Arguably the two biggest technology advances in software in recent memory have been the arrival of Hadoop and the rise of container such as Docker. MapR Technologies today moved to bring those two technologies together in a way the promises to significantly ease the building and ongoing management of Big Data applications.
With the addition of support for the Apache Myriad project, MapR Technologies is moving to converge the way resources are managed on its distribution of Hadoop and the Apache Mesos data center operating system project. The goal is to make it possible to run stateful container applications on top of Hadoop that can be managed using a framework that is widely be adopted to manage container applications running on other platforms.
Specifically, Apache Myriad is an open source Hadoop project that lets YARN applications run alongside Apache Mesos frameworks. That means YARN can be used to request Mesos resources without any modification. The support for stateful container applications is provided via MapR POSIX Client that presents Docker containers with a read-write file system.
Jack Norris, senior vice president for data and applications says, providing this capability is a natural extension of the MapR Converged Data Platform that is based on a Zeta Architecture that MapR developed around the core Hadoop project to globally manage all resources. Rather than having to set up separate instances of Hadoop clusters to run different types of workloads, Norris says IT organizations can make use of the MapR Converged Data Platform to enable files, database tables and streaming analytics to be accessed on the same Hadoop cluster.
Because there is no hard link between the data stored in Hadoop and the way it needs to be accessed, MapR doesn’t require IT organizations to set up separate clusters that not only have to be provisioned and deployed, but also continuously synchronized.
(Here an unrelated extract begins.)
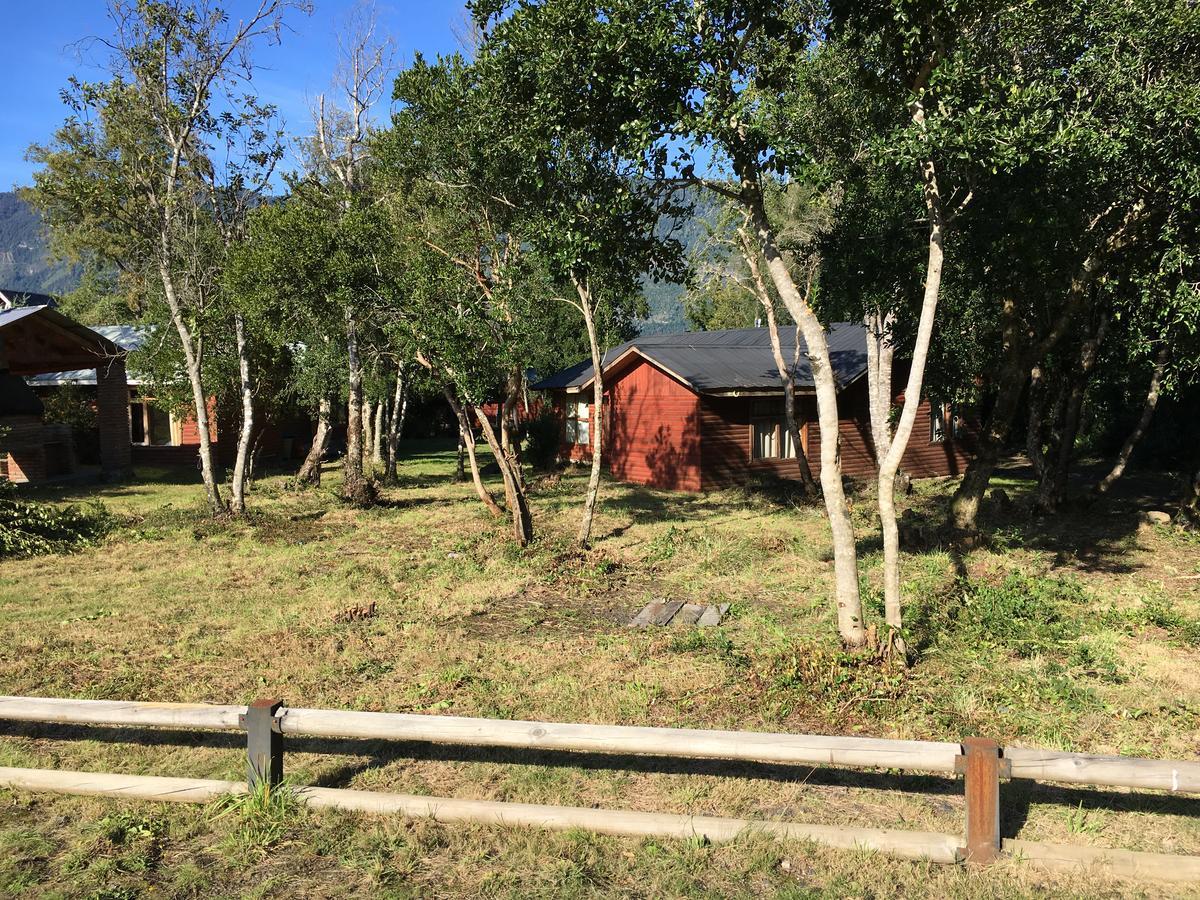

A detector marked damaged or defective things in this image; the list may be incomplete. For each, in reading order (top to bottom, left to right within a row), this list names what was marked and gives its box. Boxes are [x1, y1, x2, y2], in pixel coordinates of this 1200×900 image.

rusty metal post [240, 700, 284, 792]
rusty metal post [955, 739, 1003, 868]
The end result of using other distributions is not only the acquisition of more hardware, but also a lot more data management complexity.
In addition, standard Docker containers make use of data volumes tied to an individual server, which means that if a container fails, or is moved from one server to another, its connection with the data volume is lost. As such, containers are not designed to be inherently persistent, which creates a challenge for developers that MapR is now trying to address with this update to its Hadoop platform.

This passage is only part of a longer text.